Ao fim e ao cabo, o que a maioria do STF revelou entender por democracia é um regime no qual o cidadão não é visto como titular de direitos, mas como uma potencial ameaça a ser contida pelo Estado. As togas que se prestaram a uma avaliação desse jaez não serviram à impessoalidade, à imparcialidade e à dignidade da Justiça – serviram à tirania. Foi exatamente o que o Supremo fez. Agora, sim, a internet será “terra de ninguém”. Agora, de fato, haverá milhões de “pequenos tiranos soberanos” prontos para apontar o dedo para tudo o que encontrarem de “ofensivo” nas redes sociais. Pouco ou nada de útil para o debate público online sobreviverá à razia desses bem-intencionados servos da “verdade” e da “democracia”.
Para infortúnio do País, por mais problemática que seja, a infeliz intervenção de Cármen Lúcia está longe de ser um caso isolado, como se sabe. A fala da ministra foi só mais uma expressão de um ânimo que se consolidou no Supremo nos últimos anos para tutelar a sociedade em uma miríade de questões, como se os cidadãos brasileiros fossem incapazes de exercer sua liberdade com responsabilidade. Nesse sentido, Cármen Lúcia aliou-se ao colega Dias Toffoli, segundo quem o Supremo exerce um “poder moderador” e, por essa razão, os ministros atuam como “editores de um país inteiro”. Incontornável lembrar, ainda, que o próprio presidente da Corte, Luís Roberto Barroso, já falou em “recivilizar” o Brasil.
Ao classificar todos os brasileiros, indiscriminadamente, como “pequenos tiranos soberanos”, a ministra Cármen Lúcia parece ter esquecido que a liberdade de expressão, com todos os seus excessos e imperfeições, é um pilar fundamental da vida democrática. Abusos, desde que criminosos, devem ser responsabilizados, como já previa o próprio Marco Civil da Internet, entre outras leis. Mas o que se prega é a supressão de discursos indesejados em nome de uma sanha purgatória que seguramente descambará, como já sublinhamos nesta página, para a censura prévia e/ou para o agravamento do quadro de desconfiança sistemática que grassa no debate público em ambiente digital.
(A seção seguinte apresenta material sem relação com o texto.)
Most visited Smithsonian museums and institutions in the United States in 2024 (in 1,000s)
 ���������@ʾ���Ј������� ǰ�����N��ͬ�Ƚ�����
A missão do Supremo não é nem nunca foi reeducar a sociedade – muito menos silenciá-la seja lá por que meios. É resguardar a Constituição e as leis tais como elas são, não como deveriam ser, e garantir a todos os cidadãos os seus direitos fundamentais, entre eles o direito de livre manifestação do pensamento.
A Corte, por sua própria natureza contramajoritária, deve ter cuidado redobrado ao se pronunciar sobre temas que tocam diretamente a liberdade individual. Quando se afasta desse princípio, o Supremo corre o risco de deixar de ser visto como guardião da Constituição para se tornar instrumento de controle do discurso público – algo incompatível com os fundamentos de uma democracia liberal que, pelo jeito, ainda tem um longo caminho a percorrer até o pleno grau de amadurecimento.